Decreto assinado pelo presidente Jair Bolsonaro (PSL), publicado nesta quarta-feira (15), deixou preocupados dirigentes das universidades federais, que viram no texto a possibilidade de o governo interferir diretamente nas nomeações de cargos para segundo, terceiro e quarto escalões das instituições.
O texto foi publicado na edição de quarta do Diário Oficial da União, mas só entrará em vigor no próximo dia 25 de junho. Entre as alterações feitas pelo decreto estão a transferência da avaliação de escolha de “dirigente máximo de instituição federal de ensino superior”, ou seja, de reitores das federais, da Casa Civil para a Secretaria de Governo.
Atualmente, as indicações apenas dos reitores das federais são encaminhadas pelas instituições ao MEC (Ministério da Educação) e depois para a Casa Civil, que dá a validação final para o nome do escolhido.Na visão de dirigentes universitários ouvidos pela reportagem, o novo texto pode submeter ao crivo do governo também as escolhas da equipe de confiança dentro das universidades, como pró-reitores e diretores de faculdades ou centros de ensino. O texto também fala da dispensa dos profissionais desses cargos.

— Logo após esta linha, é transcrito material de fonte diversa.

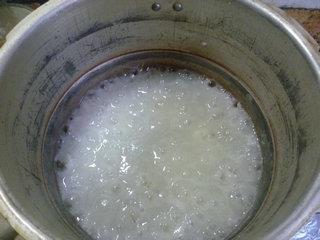 咸肉皮蛋大米粥的做法步骤8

A partir do novo decreto, as escolhas de pró-reitores ou de diretores de centros de ensino podem ser submetidas ao crivo do ministro-chefe da Secretaria de Governo. Preocupados com uma possível violação de suas autonomias, as procuradorias de institutos federais de educação já analisaram o teor do texto e consideraram que fere a autonomia das instituições.
Reitores ouvidos pela reportagem, que pediram anonimato por medo de represália, dizem que o decreto é preocupante porque poder resultar em pessoas nomeadas pelo Planalto sem afinidade com reitor e comprometer a administração da instituição. O Conif (Conselho Nacional das Instituições da Rede Federal de Educação Profissional, Científica e Tecnológica) encaminhou pedido de esclarecimentos para o MEC.
Universidades consultadas pela reportagem informaram que encaminharam o decreto para análise de suas procuradorias para uma avaliação jurídica e técnica. A Andifes (entidade que representa os reitores das universidades federais) informou que também analisa o conteúdo.
Pelo texto do decreto, o ministro titular da pasta, hoje ocupada pelo general Carlos Alberto dos Santos Cruz, poderá “decidir pela conveniência e oportunidade administrativa quanto à liberação ou não das indicações submetidas à sua avaliação”. O prazo máximo para essa tomada de decisão é de dez dias úteis após análise feita pela Subchefia para Assuntos Jurídicos da Casa Civil da Presidência da República.
Se o prazo for excedido e não houver manifestação da Secretaria de Governo, “a indicação será considerada aprovada”. A Casa Civil, responsável pela publicação do texto, nega que tenha havido a alteração da competência do presidente da República para nomeação dos reitores.
“Em relação aos demais cargos, o decreto faculta aos dirigentes das universidades e institutos federais de ensino a possibilidade de submeter os indicados à verificação de vida pregressa com base nas informações a serem registradas pelos órgãos de consulta, a saber, Abin e CGU, para auxiliar no processo de escolha dos nomes que irão o compor o quadro funcional de cargos em comissão e funções de confiança da instituição”, disse a pasta por meio de nota divulgada na noite desta quinta-feira (16).
“A submissão ao fluxo proposto pelo decreto é uma opção, que em nada interfere na autonomia das instituições de ensino, mas apenas disponibiliza um instrumento útil à decisão da autoridade”, afirma a Casa Civil.
Mais cedo, o secretário executivo do MEC, Antonio Paulo Vogel, disse que o decreto instituiu uma prática já consolidada. As universidades questionam o fato de não estar muito claro a quem é delegado o poder de nomeações por parte do presidente da República e disseram que aguardam outras normativas até que o texto entre em vigor, daqui a mais de um mês.
Gera dúvidas ainda o fato de haver no decreto um trecho que diz que “a existência de delegação não afasta a possibilidade de o ato [de nomeação ou de exoneração] ser realizado pelo presidente da República.” O decreto foi publicado no mesmo dia em que estudantes e professores organizaram protestos em pelo menos 170 cidades brasileiras contestando o bloqueio de verbas para a Educação, que paralisou bolsas de pesquisa e outros recursos para universidades e instituições de ensino.
A oposição ao governo vê no texto um ato de retaliação às manifestações e partidos como PSB e PSOL protocolaram decretos legislativos no Congresso para suspender o ato do Executivo.